Material provided START
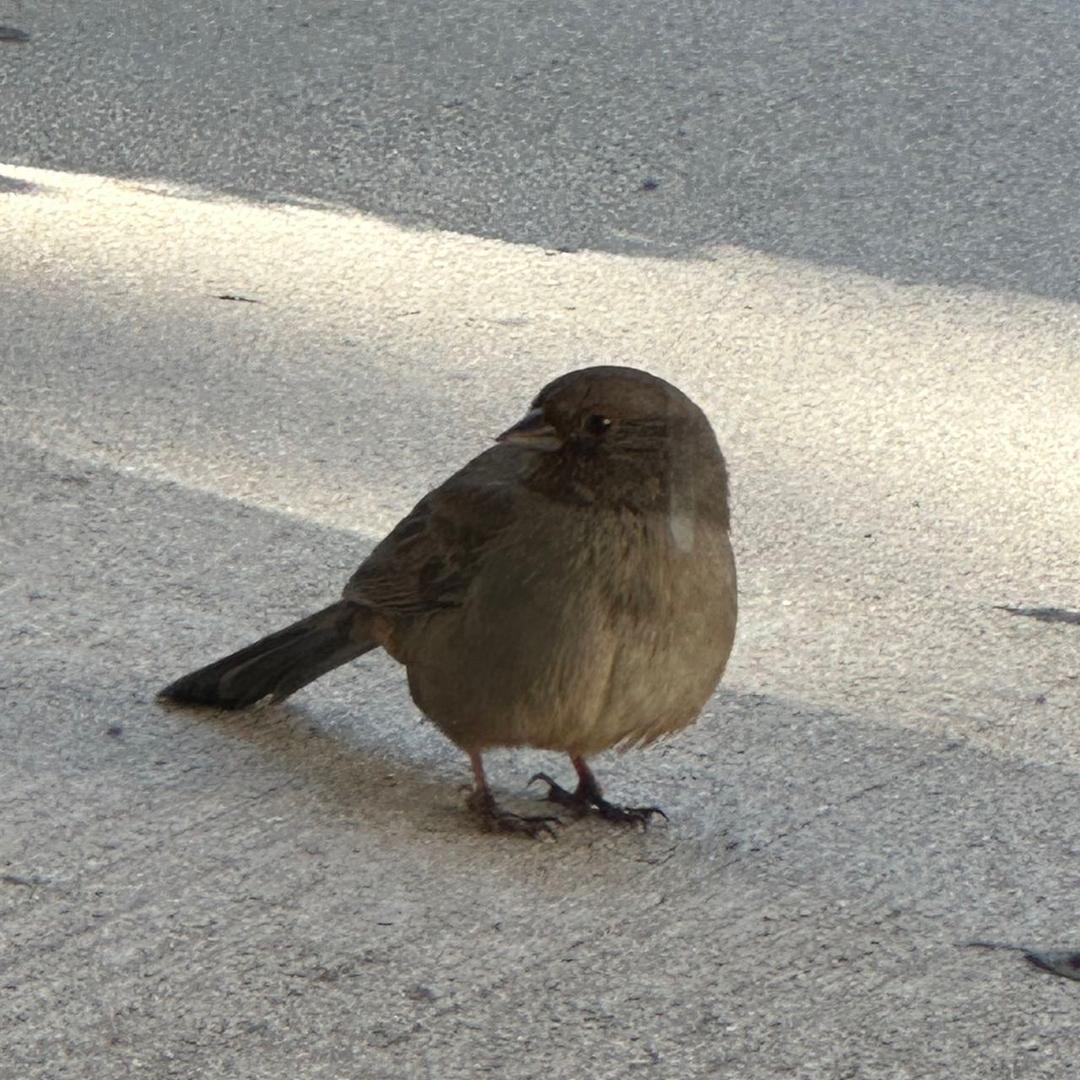 果冻先森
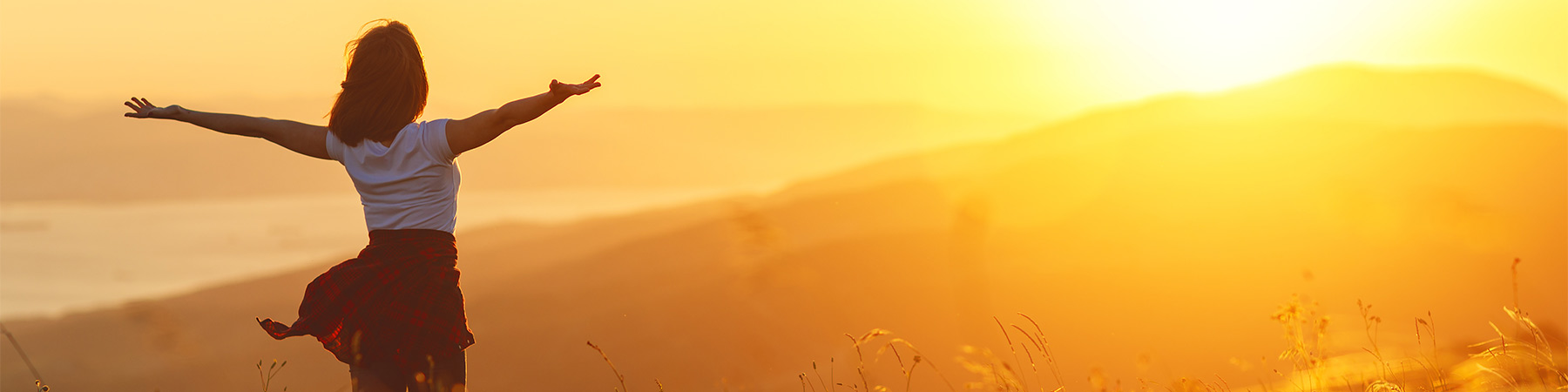 header/h_160168732.jpg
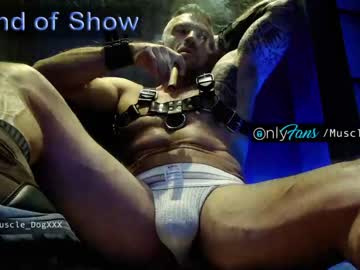 webcam man muscle_dog live cam image #46148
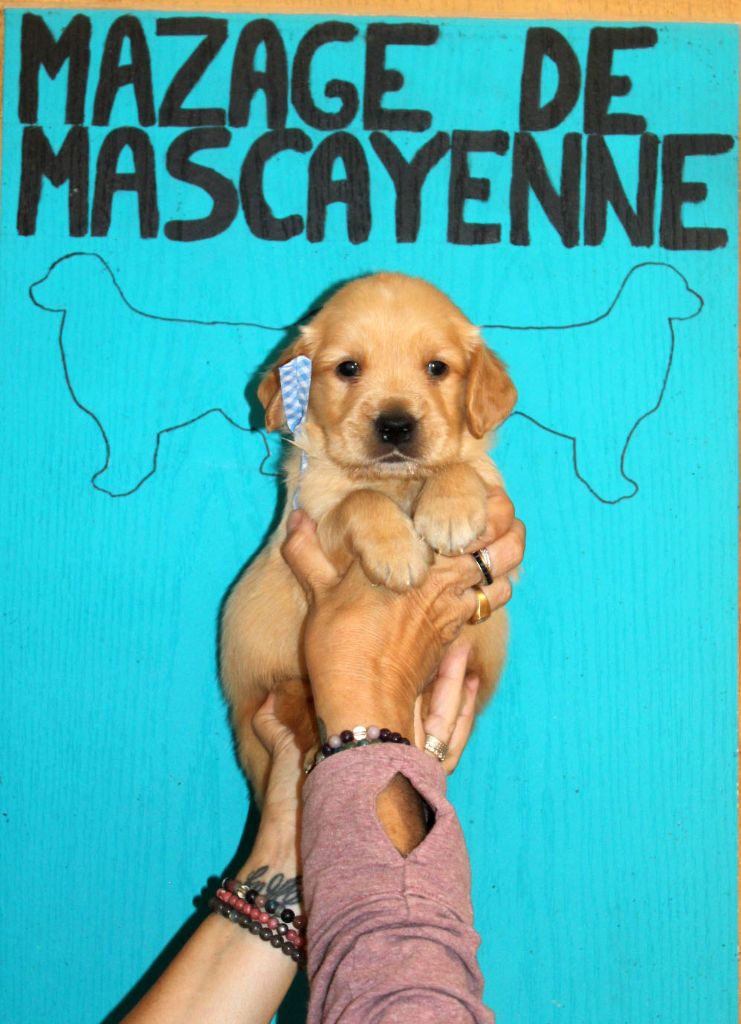 Du mazage de mascayenne - Chiots disponibles - Golden Retriever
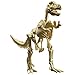 Educational Insights GeoSafari Dino Dig Tyrannosaurus Rex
Material provided END
◆ **What you should do**
Restate the entries above word for word, and keep the pictures out.

◆ **Written reply**
 果冻先森
 header/h_160168732.jpg
 webcam man muscle_dog live cam image #46148
 Du mazage de mascayenne - Chiots disponibles - Golden Retriever
 Educational Insights GeoSafari Dino Dig Tyrannosaurus Rex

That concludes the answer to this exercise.